内蒙古社会科学(汉文版) 2022年1期
关键词:监察机关刑事诉讼法情形

董 坤

(中国社会科学院 法学研究所, 北京 100720)

2016年9月,全国人大常委会授权最高人民法院、最高人民检察院在部分地区开展刑事案件认罪认罚从宽制度试点工作。经过两年多的试点总结,2018年10月,认罪认罚从宽制度正式在《中华人民共和国刑事诉讼法》(以下简称《刑事诉讼法》)中得以确立。虽然,该项制度最初仅被视为刑事诉讼程序的专属制度,但随着国家监察体制改革的启动,监察机关被赋予了党纪检查、行政监察、犯罪调查三种重要职能,这其中即包括对职务犯罪案件的调查权和处置权。自此,认罪认罚从宽制度专门适用于刑事诉讼的局面被打破。随着2019年最高人民检察院、最高人民法院、公安部、国家安全部、司法部联合发布的《关于适用认罪认罚从宽制度的指导意见》(以下简称《指导意见》)的出台,认罪认罚从宽制度的适用范围正式从刑事诉讼程序向前延伸至监察调查程序。[1]如何完善认罪认罚从宽制度在监察与司法不同程序间的衔接转换机制,统一其适用标准等成为理论研究的新课题。

一、监察程序中适用认罪认罚从宽制度的规范解读

2018年3月20日,第十三届全国人民代表大会第一次会议通过的《中华人民共和国监察法》(以下简称《监察法》)第31条规定了认罪认罚的相关内容,其中有三个方面值得关注。

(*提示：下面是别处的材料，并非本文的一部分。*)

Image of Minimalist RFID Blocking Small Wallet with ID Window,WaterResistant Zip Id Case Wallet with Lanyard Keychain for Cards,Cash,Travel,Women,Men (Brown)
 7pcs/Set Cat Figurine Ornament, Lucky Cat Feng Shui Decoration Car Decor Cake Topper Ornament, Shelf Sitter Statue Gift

一是《监察法》对认罪认罚从宽制度的规定较为简略。《监察法》将“认罪认罚”一词直接置于法条当中,并未对“认罪认罚从宽”作出概念界定,对其制度功能和原则定位也没有进行明确规定。如何准确地理解和把握“认罪”“认罚”“从宽”的具体内涵和外延边界,并科学规范地适用相关的程序规则,《监察法》对此都没有提供明确的法律依据和方向指引。

二是监察程序中的“认罪认罚”并非独立的从宽处罚情节。根据《监察法》第31条的规定,涉嫌职务犯罪的被调查人除主动认罪认罚外,还要具备“自动投案”“悔罪悔过”“退赔退赃”“立功”以及“案件涉及国家重大利益等”的情形,监察机关才会考虑提出从宽处罚建议。换言之,《监察法》提及的“认罪认罚”被混同在自首、立功、退赃等从宽情形之中,并没有单独作为从宽处理情节。[2]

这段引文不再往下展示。